#### Work item:
Beginning with the line in which "ברצלונה Serennia Cest" appears, transcribe each line word for word until the records end. Do not include pictures.

Crawled caption data:
>>>

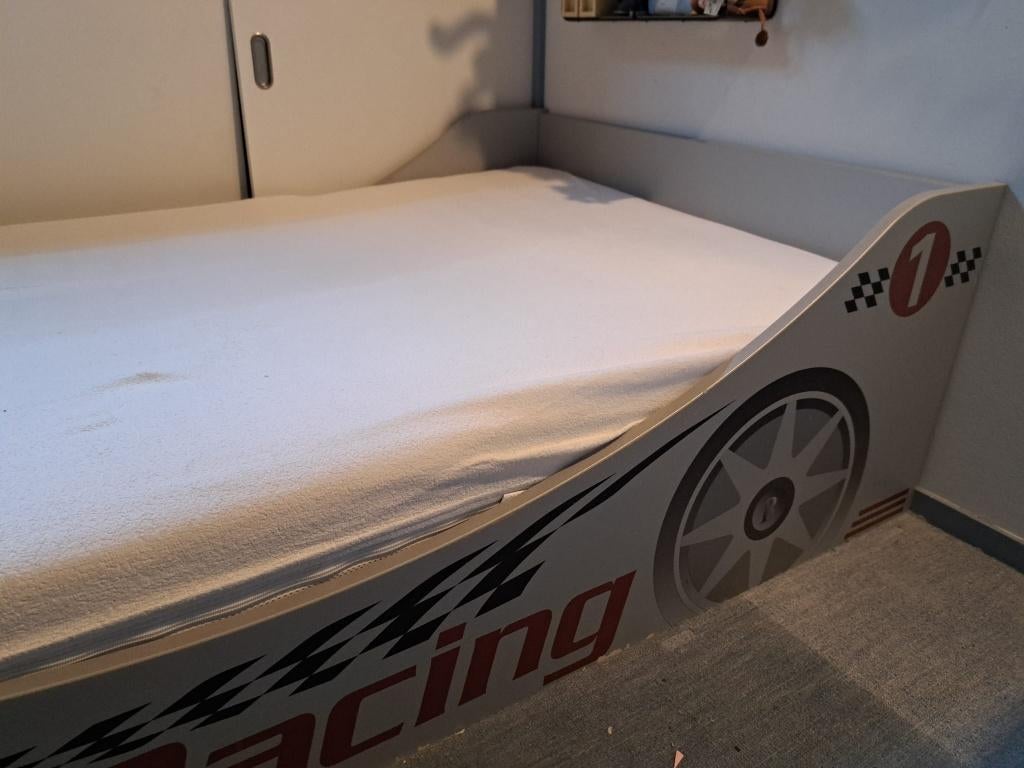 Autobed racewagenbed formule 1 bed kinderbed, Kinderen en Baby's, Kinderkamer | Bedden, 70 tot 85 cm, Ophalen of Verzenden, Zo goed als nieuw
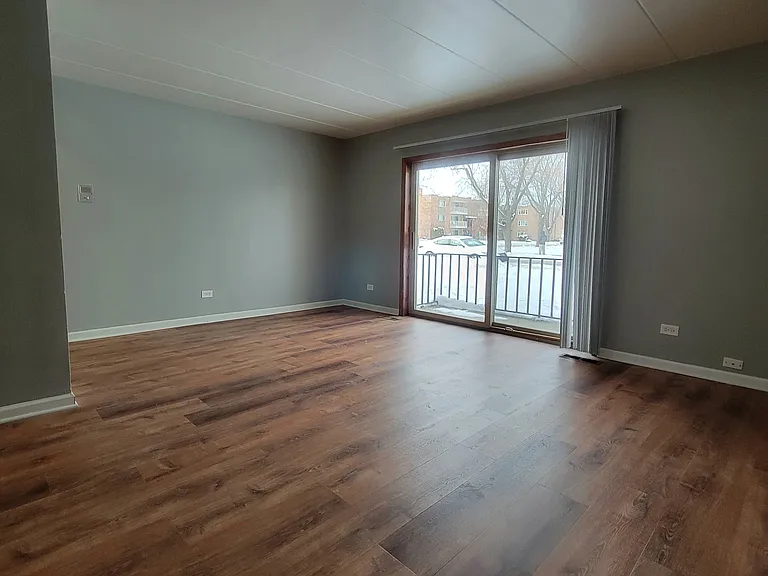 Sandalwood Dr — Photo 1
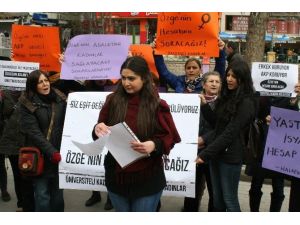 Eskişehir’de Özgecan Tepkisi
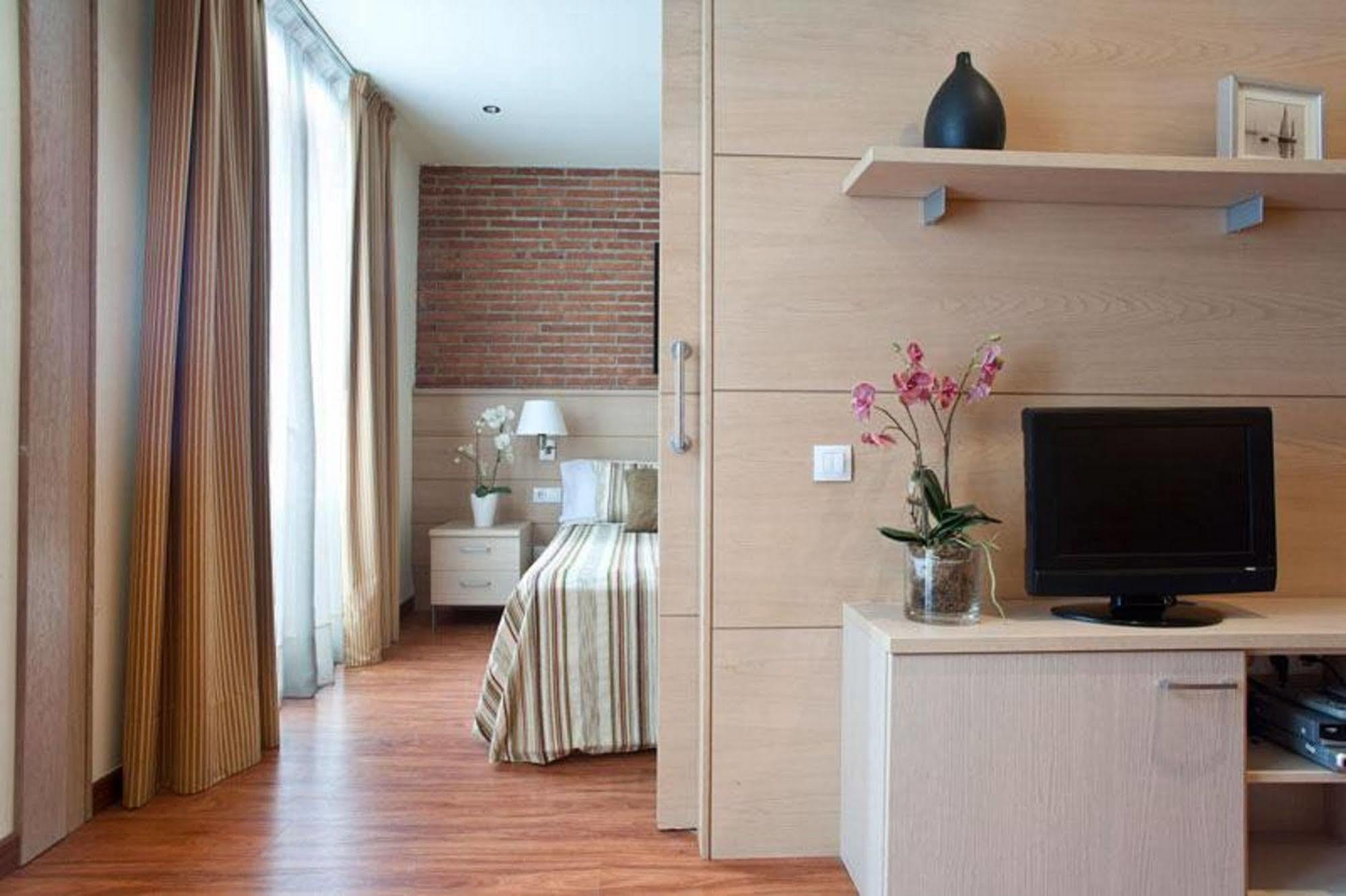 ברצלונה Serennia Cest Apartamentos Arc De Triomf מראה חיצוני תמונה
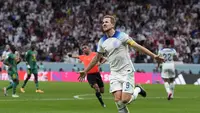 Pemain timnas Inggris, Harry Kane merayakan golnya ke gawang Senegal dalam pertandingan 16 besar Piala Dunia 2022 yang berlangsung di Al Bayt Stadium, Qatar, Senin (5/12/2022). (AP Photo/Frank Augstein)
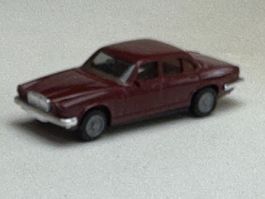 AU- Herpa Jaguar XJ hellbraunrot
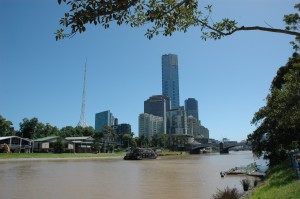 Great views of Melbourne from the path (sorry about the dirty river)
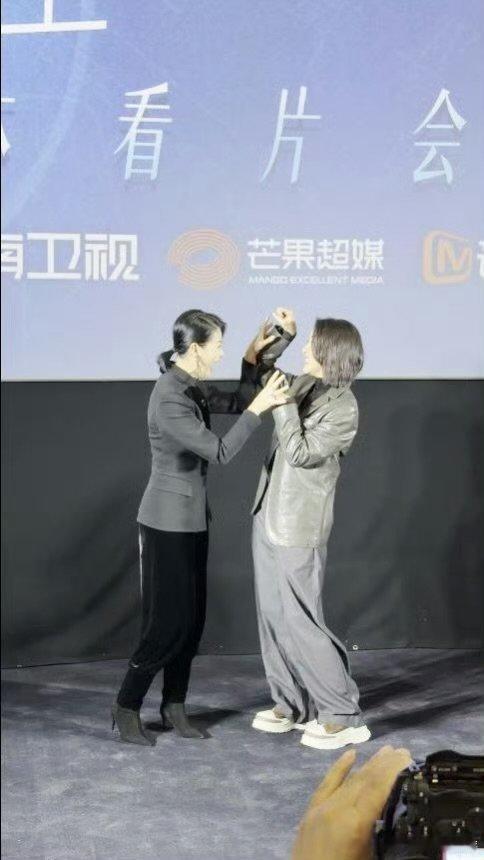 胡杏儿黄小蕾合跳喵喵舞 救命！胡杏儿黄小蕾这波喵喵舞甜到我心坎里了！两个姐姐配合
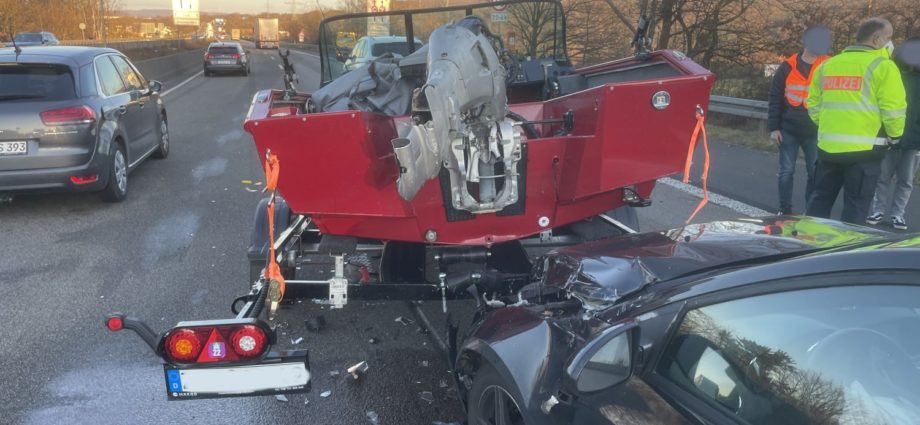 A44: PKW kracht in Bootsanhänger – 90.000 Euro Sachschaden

<<<

#### Task output:
 ברצלונה Serennia Cest Apartamentos Arc De Triomf מראה חיצוני תמונה
 Pemain timnas Inggris, Harry Kane merayakan golnya ke gawang Senegal dalam pertandingan 16 besar Piala Dunia 2022 yang berlangsung di Al Bayt Stadium, Qatar, Senin (5/12/2022). (AP Photo/Frank Augstein)
 AU- Herpa Jaguar XJ hellbraunrot
 Great views of Melbourne from the path (sorry about the dirty river)
 胡杏儿黄小蕾合跳喵喵舞 救命！胡杏儿黄小蕾这波喵喵舞甜到我心坎里了！两个姐姐配合
 A44: PKW kracht in Bootsanhänger – 90.000 Euro Sachschaden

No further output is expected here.